Mais c’est votre rôle d’imposer les règles ?

C’est ce qu’on est en train de faire ! La première règle c’est que les parents qui insultent mes entraineurs, n’ont pas leur place ainsi que leurs enfants à l’Espérance. Il prend son fils, ses affaires et s’en va. Il est aussi interdit pour les entraineurs de parler aux parents après les entrainements. Tu peux demander audience avec le coach ou le directeur technique mais on ne fait pas le spectacle autour du terrain. Moi, je discute avec tout le monde mais dans mon bureau. Sur le terrain, je ne parle pas et aucune discussion n’est envisageable. Sur ce plan, je suis soutenu à 100% par la direction de l’Espérance. Tu crois que le président admet qu’on insulte ses entraineurs ?  Jamais !

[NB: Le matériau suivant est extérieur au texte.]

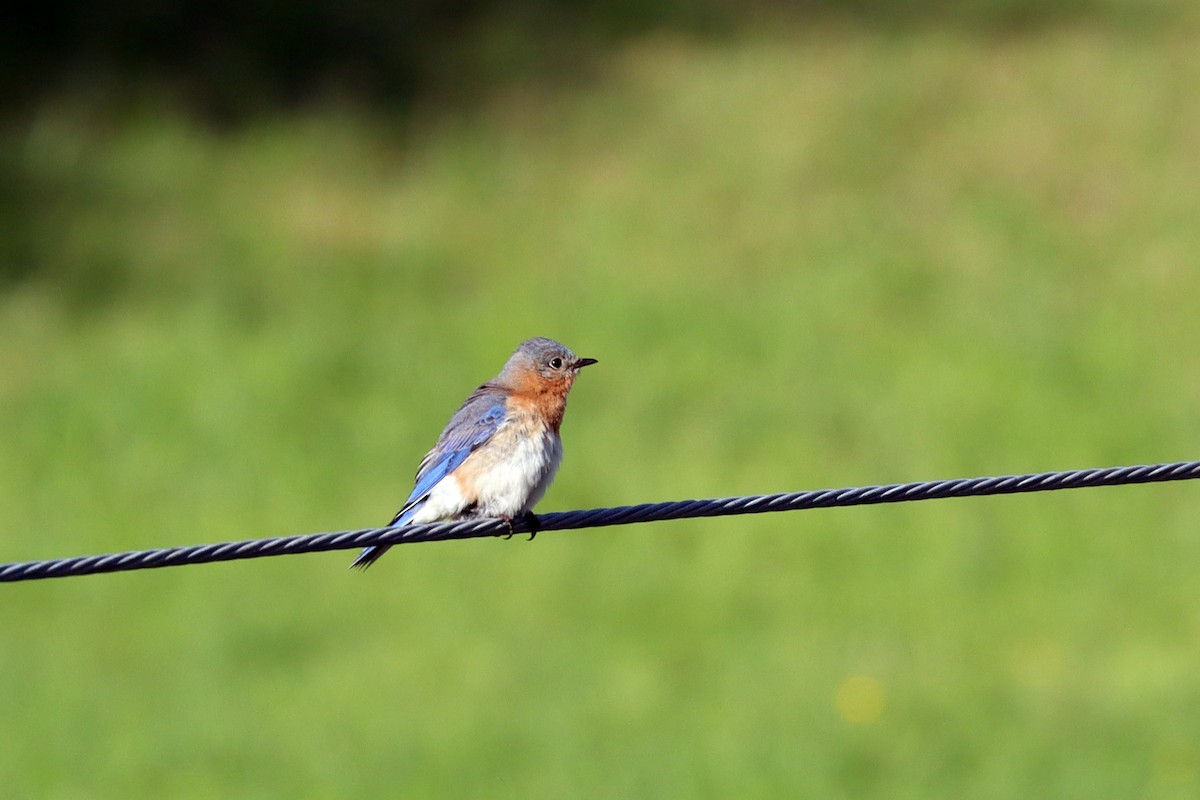 Eastern Bluebird - ML219382341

Parlez-nous un peu du parcours de nos jeunes cette saison ? 

On est un petit peu au-dessus de ce qu’on a pensé. Je suis satisfait de ce qu’on a fait depuis 5 ou 6 mois. Au niveau des résultats, on a fini premier dans toutes les catégories mais ce n’est pas ça qui m’intéresse le plus. Il n’est pas aussi important de gagner un titre en juniors ou en cadets. Finir premier c’est bien certes, car cela te permet d’évaluer ton travail. Mais, c’est plutôt la manière dont on joue qui me procure le plus de satisfaction. Depuis 5 mois, on commence à avoir une certaine manière de jouer. On n’a pas le même système de jeu dans toutes les équipes, mais on commence à avoir les mêmes principes de jeu. Si tu regardes toutes les équipes, tu pourras facilement dégager cet esprit «Espérance ». C’est ce qu’on a réussi à faire.


Nos jeunes enregistrent des résultats satisfaisants chaque week-end. Comment  trouver l’équilibre entre résultats et formation ?

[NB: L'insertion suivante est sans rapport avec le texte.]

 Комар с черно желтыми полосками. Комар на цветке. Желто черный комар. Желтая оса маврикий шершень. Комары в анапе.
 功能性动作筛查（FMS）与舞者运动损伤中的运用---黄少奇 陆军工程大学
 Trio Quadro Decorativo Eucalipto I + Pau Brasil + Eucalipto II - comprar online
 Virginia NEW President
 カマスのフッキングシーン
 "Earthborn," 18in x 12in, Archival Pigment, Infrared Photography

C’est très simple. Tu mets un programme en place, un projet, et tu l’appliques. En formation, gagner des titres n’est pas une priorité. Les résultats viendront tout naturellement. Moi, je n’ai pas signé un contrat pour gagner tous les matches. Ma priorité c’est de former des pros. Je préfère avoir des formateurs que des entraineurs. 


Expliquez ?

Un entraineur n’est pas souvent un bon formateur. Les gens se trompent. Un formateur c’est quelqu’un qui a de la patience, qui fait répéter les choses, qui enseigne et qui doit former les pros. Un entraineur c’est quelqu’un qui doit gagner des matchs. Si tu mets un entraineur en formation, il  tue les gamins parce qu’il va leur demander de gagner un match. La formation c’est autre chose ! Les entraineurs sont bons  pour les séniors. Si un gamin fait un mauvais contrôle, loupe un but ou n’a pas fermé le côté et prend un but, en formation tu n’as pas intérêt de le virer, mais tu l’appelles et tu lui expliques pourquoi il a fait cela et comment s’améliorer. En pro, il prend ses affaires et il quitte le terrain. Voila la différence entre un entraineur et un formateur.

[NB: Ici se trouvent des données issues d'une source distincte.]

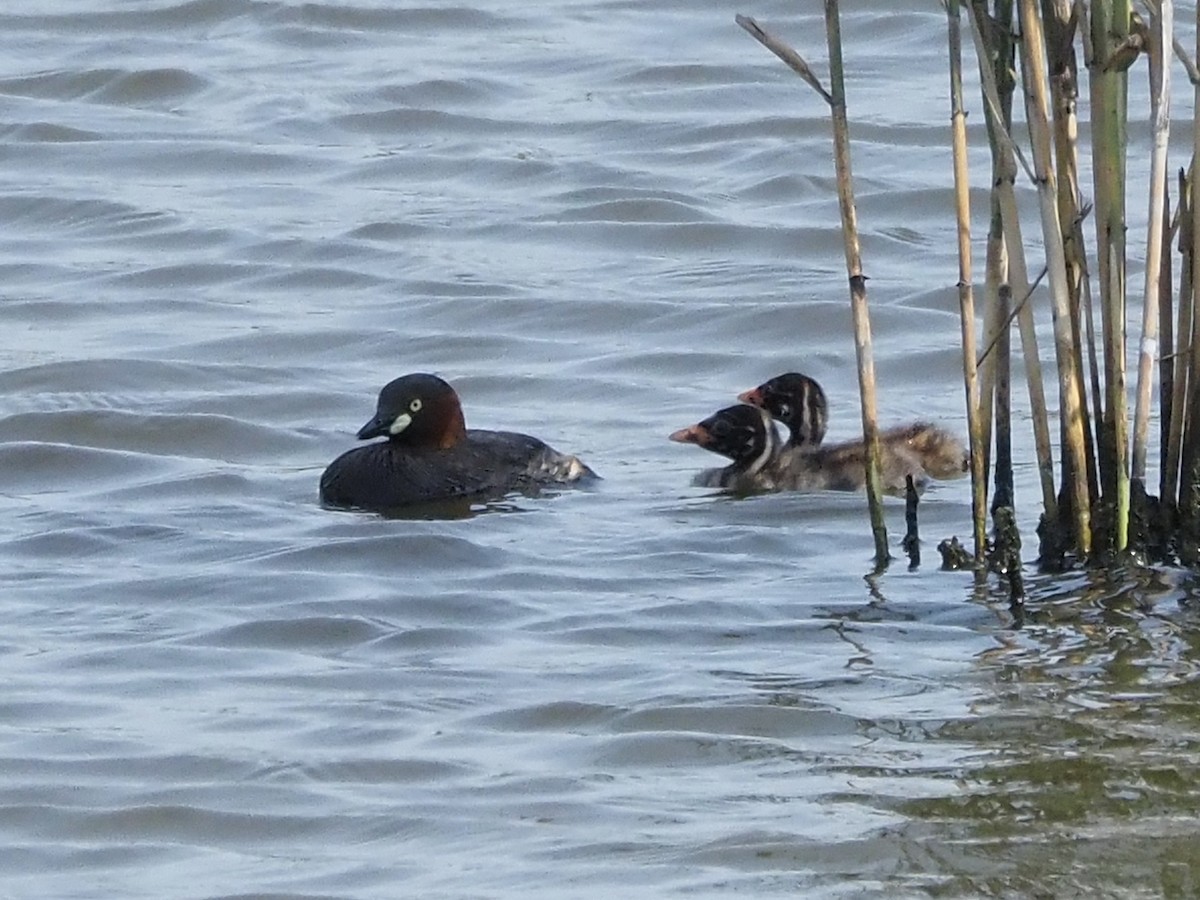 Little Grebe - ML638304016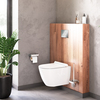 Damixa DX22C1700SC Apollo подвесной унитаз без ободка с сиденьем микролифт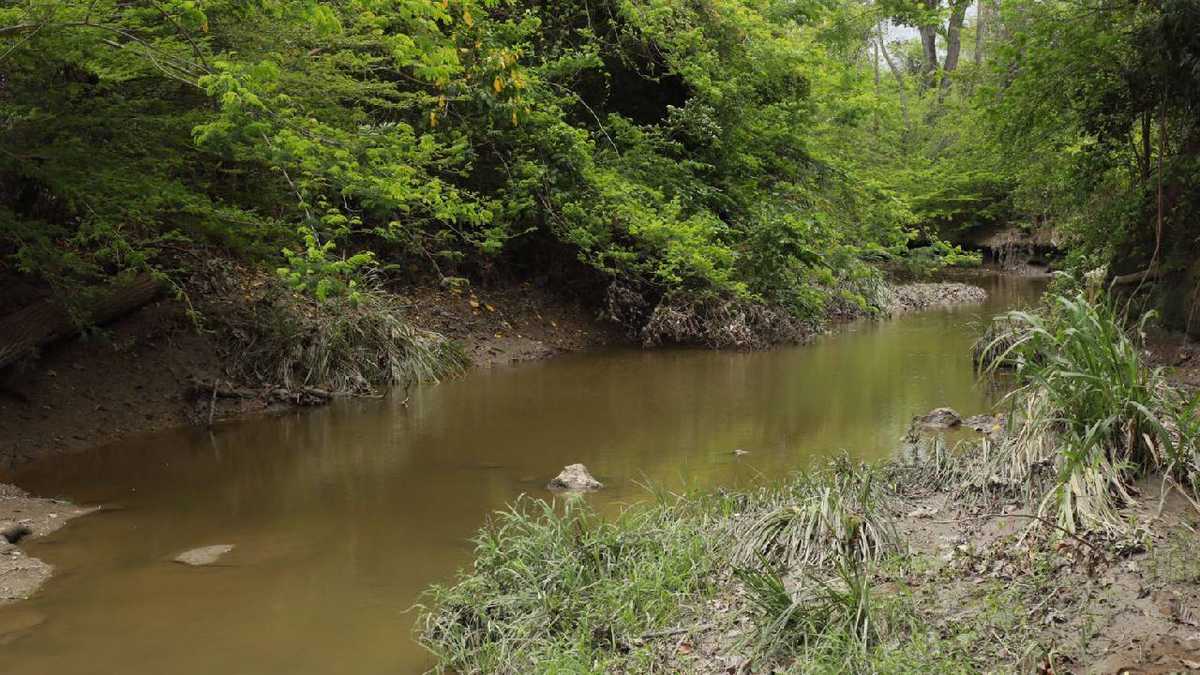 El Cerrejón informó que " el nuevo cauce del arroyo Bruno es un ecosistema estabilizado". Foto: cortesía Cerrejón.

Mais l’Espérance aime les titres..

Je le sais autant que toi. Et on va les avoir ces titres, ne vous inquiétez pas. Il faut juste savoir qu’en formation, Il faut accepter que les gens se trompent, et perdent quelques matchs. Le gamin c’est un étudiant en football. Je ne veux pas avoir un entraineur qui ne pense qu’à gagner le championnat. 


Est-ce que vous pouvez nous décrire l’atmosphère qui entoure un match chez les jeunes ? Y-a-t-il une passion autour de l’équipe ? 

Trop de passion parfois ! Il y’a trop de pression sur les gamins. Les élites étaient à Bizerte et c’était scandaleux. Les gens jettent des pierres, il y’a trop d’agressivité. Chez les gamins, il devrait y avoir du plaisir et de la communion. C’est plus dangereux quand tu te déplaces avec les jeunes qu’avec les pros. C’est la même mentalité sauf que tu n’as pas de police chez les jeunes. A Bizerte, il y’avait 2500 personnes et deux policiers seulement. On a discuté de la manière dont se comportent les parents à l’entrainement, tu peux imaginer donc comment ils sont lors des matchs… Ici à l’Espérance c’est calme. On a perdu deux matchs et nos jeunes ont pris leur sacs et sont partis. Nos gamins sont exceptionnels. 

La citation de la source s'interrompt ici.